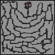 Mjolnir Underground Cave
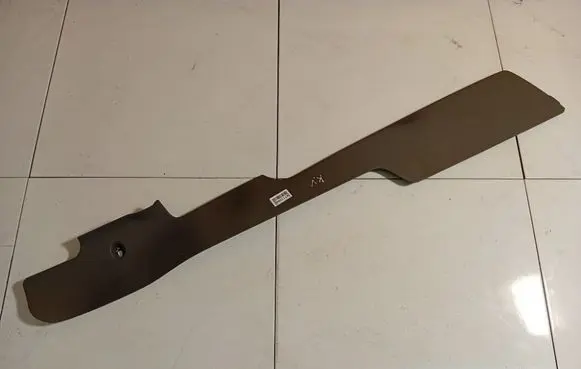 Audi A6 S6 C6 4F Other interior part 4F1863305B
* * *
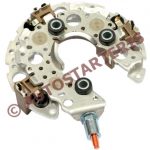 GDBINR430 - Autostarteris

*WHAT NEEDS TO BE DONE*
Write back word for word every line in the entries above from the one with "Mjolnir Underground Cave" to the one with "Audi A6 S6 C6", ends included, and none of the pictures.

*WRITTEN RESPONSE*
 Mjolnir Underground Cave
 Audi A6 S6 C6 4F Other interior part 4F1863305B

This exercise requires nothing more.